#### Instructions to follow:
Every line of the data should be written out exactly, with the pictures left out.

#### Material provided:
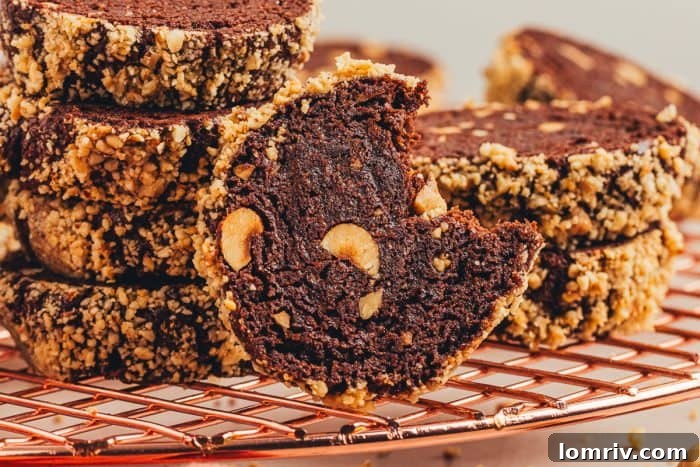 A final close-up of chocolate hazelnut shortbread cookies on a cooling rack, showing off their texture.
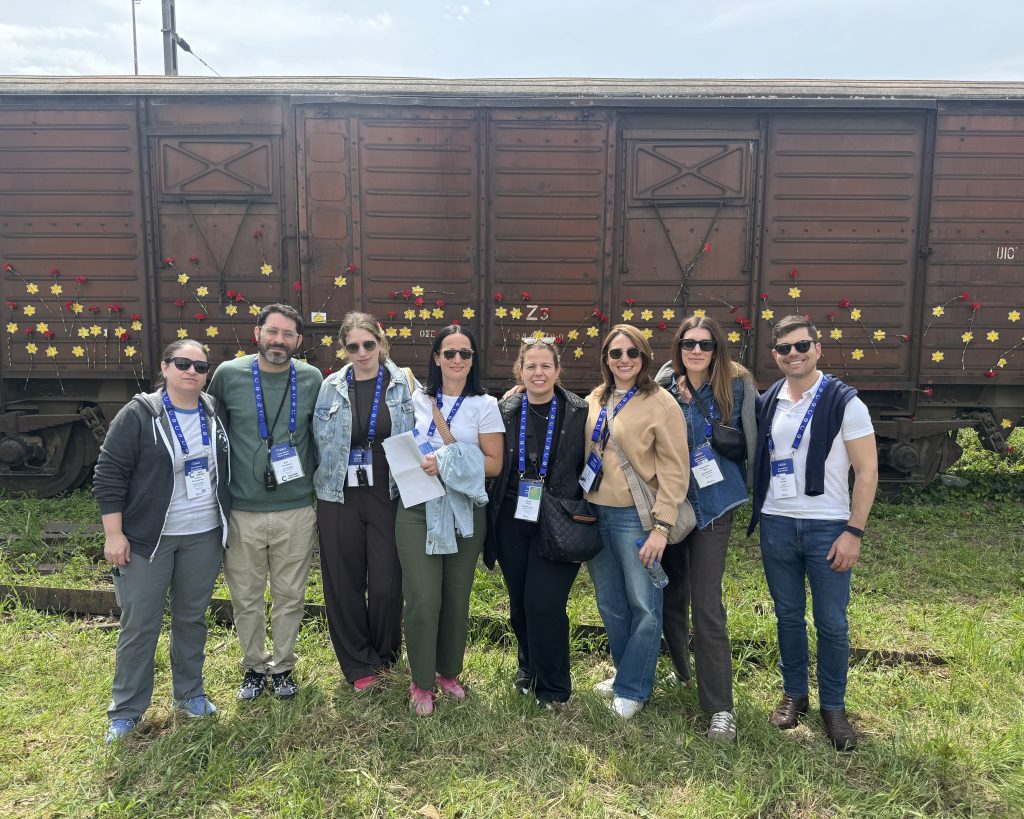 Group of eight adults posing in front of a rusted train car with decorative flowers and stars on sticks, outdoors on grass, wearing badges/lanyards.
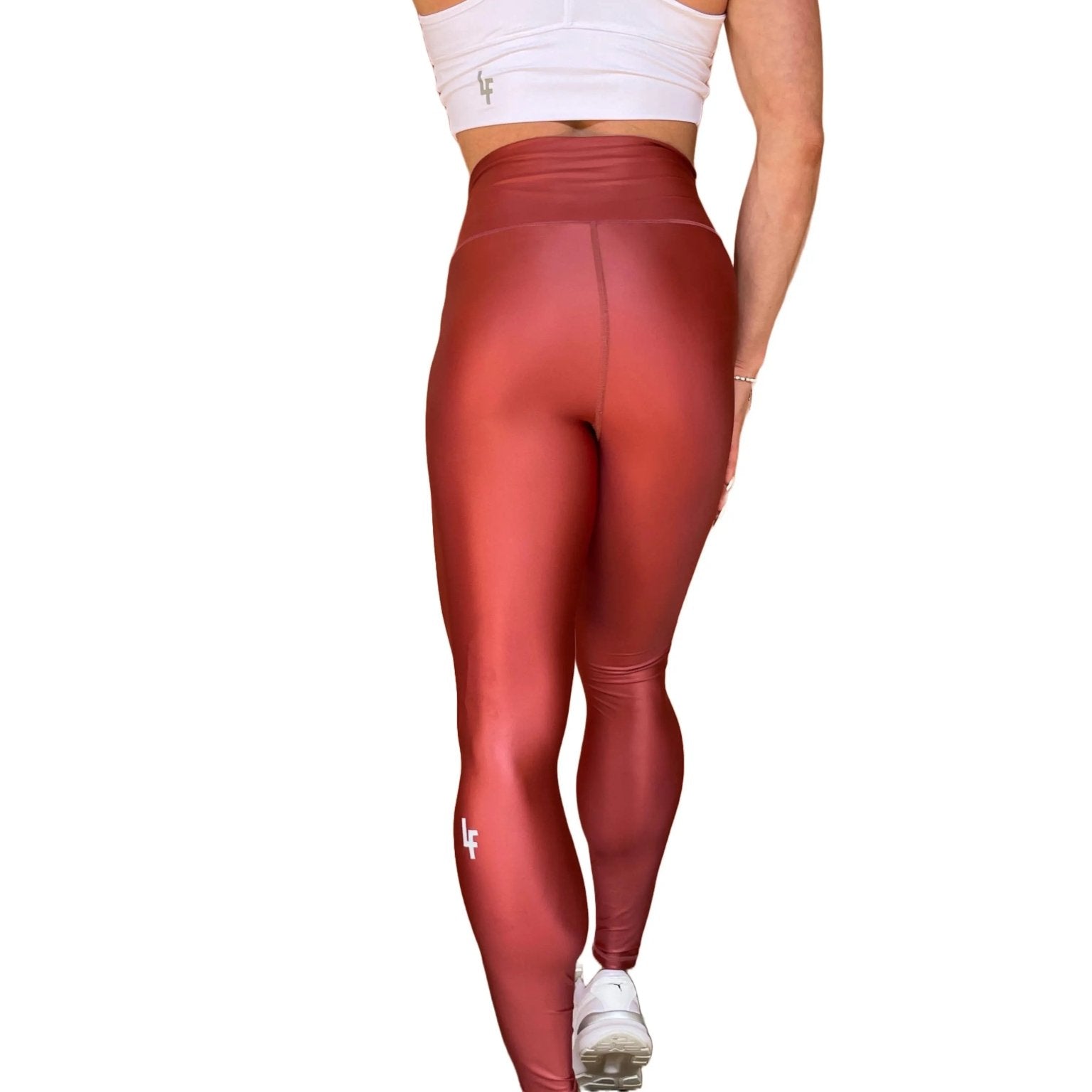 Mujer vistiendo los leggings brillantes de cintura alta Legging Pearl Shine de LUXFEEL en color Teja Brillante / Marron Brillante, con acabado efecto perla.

#### Exercise result:
 A final close-up of chocolate hazelnut shortbread cookies on a cooling rack, showing off their texture.
 Group of eight adults posing in front of a rusted train car with decorative flowers and stars on sticks, outdoors on grass, wearing badges/lanyards.
 Mujer vistiendo los leggings brillantes de cintura alta Legging Pearl Shine de LUXFEEL en color Teja Brillante / Marron Brillante, con acabado efecto perla.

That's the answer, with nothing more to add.